Set down again exactly the lines of the listing below that fall between the line holding "Persib Siap Tempur" and the line holding "1906 Sedgefield Dr #B - Photo 3 of 26", inclusive.

> [RECORDS FOR PROCESSING]

══════════

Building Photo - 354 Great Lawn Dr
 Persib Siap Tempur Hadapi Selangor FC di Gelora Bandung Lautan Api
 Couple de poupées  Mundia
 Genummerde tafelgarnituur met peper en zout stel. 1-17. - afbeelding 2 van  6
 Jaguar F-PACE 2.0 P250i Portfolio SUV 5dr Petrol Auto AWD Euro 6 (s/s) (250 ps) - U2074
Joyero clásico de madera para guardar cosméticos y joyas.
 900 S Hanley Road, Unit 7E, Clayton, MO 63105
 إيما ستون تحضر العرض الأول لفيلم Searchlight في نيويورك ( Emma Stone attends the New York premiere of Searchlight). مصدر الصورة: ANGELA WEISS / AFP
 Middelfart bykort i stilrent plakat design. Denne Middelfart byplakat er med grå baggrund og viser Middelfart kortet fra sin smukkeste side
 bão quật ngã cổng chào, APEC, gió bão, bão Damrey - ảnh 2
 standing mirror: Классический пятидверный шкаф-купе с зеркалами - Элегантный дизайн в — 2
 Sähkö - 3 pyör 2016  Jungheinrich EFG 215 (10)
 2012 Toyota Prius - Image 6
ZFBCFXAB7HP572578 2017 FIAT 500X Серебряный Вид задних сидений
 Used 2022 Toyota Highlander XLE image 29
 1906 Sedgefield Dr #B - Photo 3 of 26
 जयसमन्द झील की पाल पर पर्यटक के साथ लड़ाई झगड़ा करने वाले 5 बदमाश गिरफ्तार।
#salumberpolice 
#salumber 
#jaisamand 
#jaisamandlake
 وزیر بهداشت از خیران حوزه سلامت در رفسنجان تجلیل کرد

══════════

> [YOUR SOLUTION]
 Persib Siap Tempur Hadapi Selangor FC di Gelora Bandung Lautan Api
 Couple de poupées  Mundia
 Genummerde tafelgarnituur met peper en zout stel. 1-17. - afbeelding 2 van  6
 Jaguar F-PACE 2.0 P250i Portfolio SUV 5dr Petrol Auto AWD Euro 6 (s/s) (250 ps) - U2074
Joyero clásico de madera para guardar cosméticos y joyas.
 900 S Hanley Road, Unit 7E, Clayton, MO 63105
 إيما ستون تحضر العرض الأول لفيلم Searchlight في نيويورك ( Emma Stone attends the New York premiere of Searchlight). مصدر الصورة: ANGELA WEISS / AFP
 Middelfart bykort i stilrent plakat design. Denne Middelfart byplakat er med grå baggrund og viser Middelfart kortet fra sin smukkeste side
 bão quật ngã cổng chào, APEC, gió bão, bão Damrey - ảnh 2
 standing mirror: Классический пятидверный шкаф-купе с зеркалами - Элегантный дизайн в — 2
 Sähkö - 3 pyör 2016  Jungheinrich EFG 215 (10)
 2012 Toyota Prius - Image 6
ZFBCFXAB7HP572578 2017 FIAT 500X Серебряный Вид задних сидений
 Used 2022 Toyota Highlander XLE image 29
 1906 Sedgefield Dr #B - Photo 3 of 26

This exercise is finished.